═════ Stored data

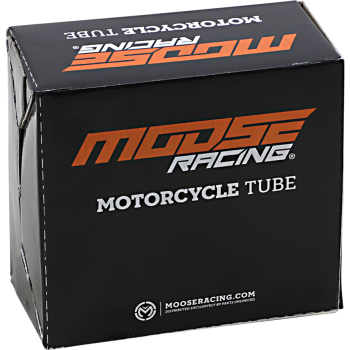 TUBE 3.00/3.60-14 TR4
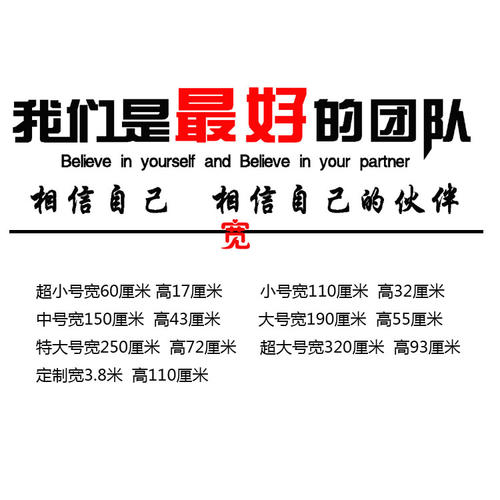 文化与我们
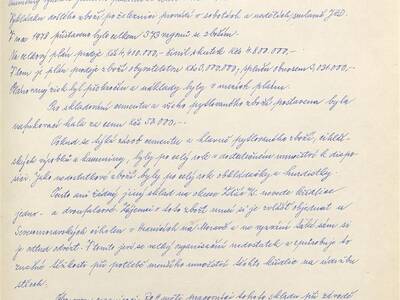 kronika-obce-ron-ii-1953-1980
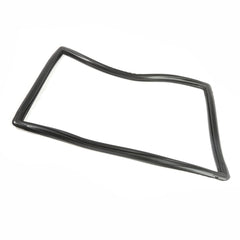 Omix-ADA 12304.12 Rear Quarter Window Seal Left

══════════

What you have to do:
When you reach the line that contains "kronika-obce-ron-ii-1953-1980", start copying the listing word for word and stop only after its last line, without any pictures.

Result of the task:
 kronika-obce-ron-ii-1953-1980
 Omix-ADA 12304.12 Rear Quarter Window Seal Left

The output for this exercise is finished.